Cyprus’ sixth tranche of its €10bn bailout programme has been held up due to differences between the executive and legislature on the foreclosures legislation. The Supreme Court is to rule on October 30 on whether four instruments tagged to the legislation by parliament are constitutional.
“In light of these developments and ensuing legal uncertainty, the completion of the fifth review has been delayed… after 18 months of strong implementation,” said the IMF. “The authorities need to overcome recent delays in the implementation of their adjustment programme.”
But, it conceded, overcoming the legacy of the crisis would be challenging. “The crisis has imposed a large cost on the economy and on the population. A painful but unavoidable recession is underway, and unemployment remains very high. Both the private and public sectors remain heavily indebted and the banking sector remains vulnerable, given high and rising NPLs, tight liquidity and capital buffers, and the need to maintain external payment restrictions to protect financial stability,” the report added.
IMF Executive Director for Cyprus, Menno Snel, in statements accompanying the report, said the Cyprus case had raised important policy issues, not least in the areas of modern bank resolution, programme design and timing, the size of financial systems/institutions, corporate governance as well as the inability of regulators or other international economic surveyors – including the Fund – “to ring louder bells in the years leading to this”.
The Cyprus story also served as another stark example of how inaction could lead to severe economic dislocations.
“In a still fragile environment such as the current one, it is a timely reminder that timid policies will only postpone underlying problems which will come to haunt the country later on,” he said.
Firm upfront action could lead to a faster adjustment.
Snel said Cypriot authorities were cognizant that the achievements to date would be jeopardised if there was even a hint of complacency and were therefore determined to push through their commitments “even as headwinds have emerged”.
The IMF report said that with important structural reforms initiated, the focus now needed to be on implementation.
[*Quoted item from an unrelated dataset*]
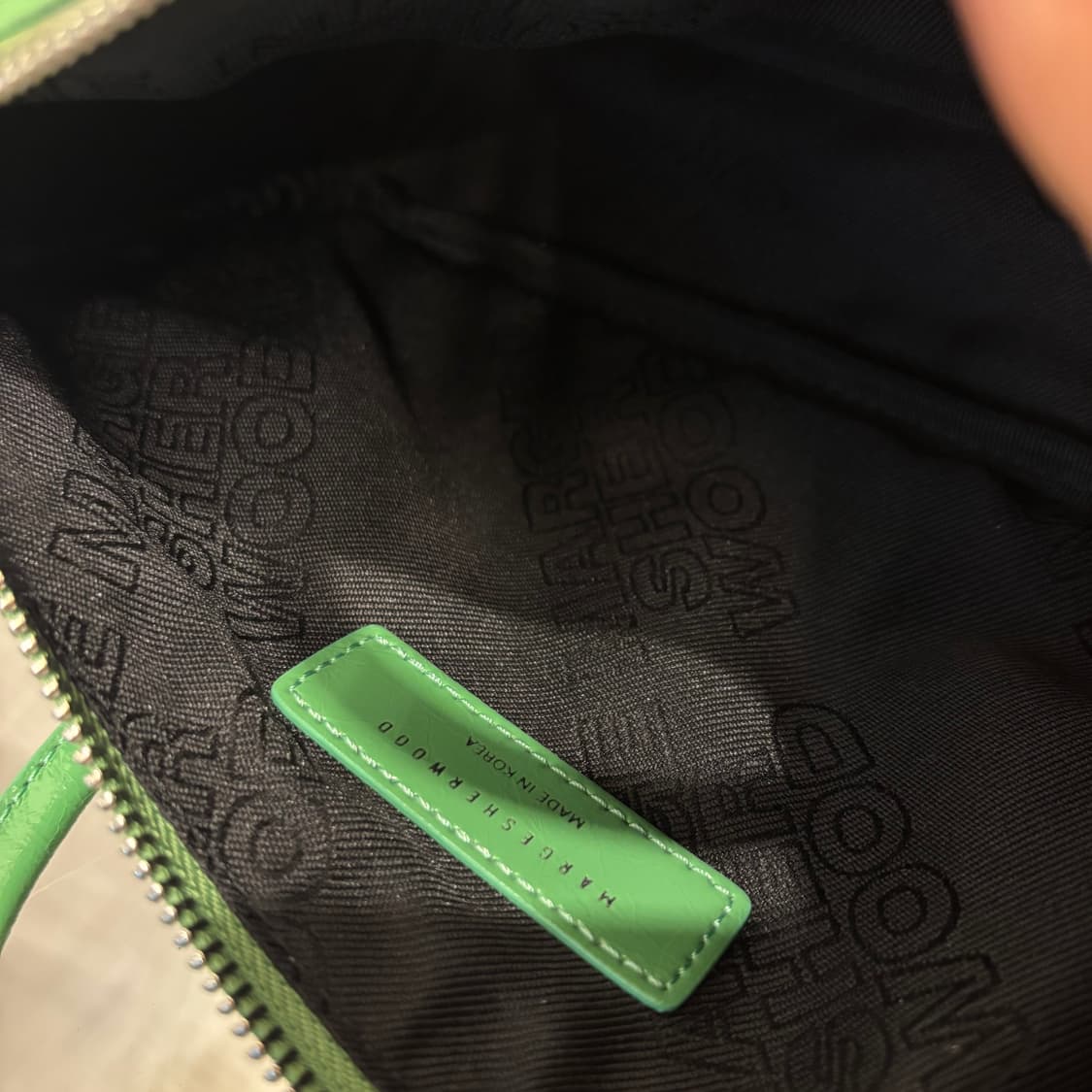 정품 마지셔우드 크링클백 그린     상품이미지9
The authorities recently legislated key reforms to the welfare system, public financial management, and revenue administration.
“They should ensure that reform implementation continues and manage the transition period prudently. Privatisation efforts should be stepped up. Growth-enhancing structural reforms could help increase the economy’s long-term potential,” the IMF said.
It forecast that Cyprus’ output would contract 3.2 per cent this year before recovering modestly next year. “The outlook is difficult, with the recession expected to continue this year, followed by a modest recovery starting next year. Risks remain tilted to the downside,” said the IMF.
Output is projected to grow by 0.4 per cent next year and expand gradually thereafter. Private consumption will remain subdued, as households reduce debt, rebuild financial wealth, and adjust to lower non-financial wealth.
House prices are projected to fall by a further 5–15 per cent before reaching equilibrium, the report said. Over the medium term, potential growth is expected to remain well below pre-crisis levels. “The crisis will likely have a long-lasting impact on Cyprus’ potential growth, due to physical capital becoming idle and eventually obsolete, human capital shortfalls owing to hysteresis effects, and to individuals leaving the labour force after long unemployment spells.
As a result, long-term potential growth is estimated at 2 per cent, half its pre-crisis level, driven by modest growth in the labor force—underpinned by long-term demographic trends—and education-led productivity improvements, while capital accumulation remains subdued, as resources shift away from construction toward tourism and non-financial services, where Cyprus has a comparative advantage.
“Additional adjustment measures are needed over the medium term to ensure fiscal sustainability. The adjustment should start in 2016, be growth-friendly and balanced over time, and focus on reversing the statutory spending increases that took place before the crisis,” said the report.
“To prevent a rapid rise in public sector wages following their expected unfreezing after the programme period, the wage bill needs to be further rationalised, including by revising current wage levels and pay scales, eliminating automatic increases, reducing employment in overstaffed areas,” it added.
In addition, further tax administration, and welfare reforms would also be needed, the IMF said.
“Even if the authorities manage to put the programme back on track, deeper and more prolonged private sector deleveraging, exacerbated by the impact of persistently low inflation on indebtedness, could weigh on domestic demand and endanger debt sustainability.”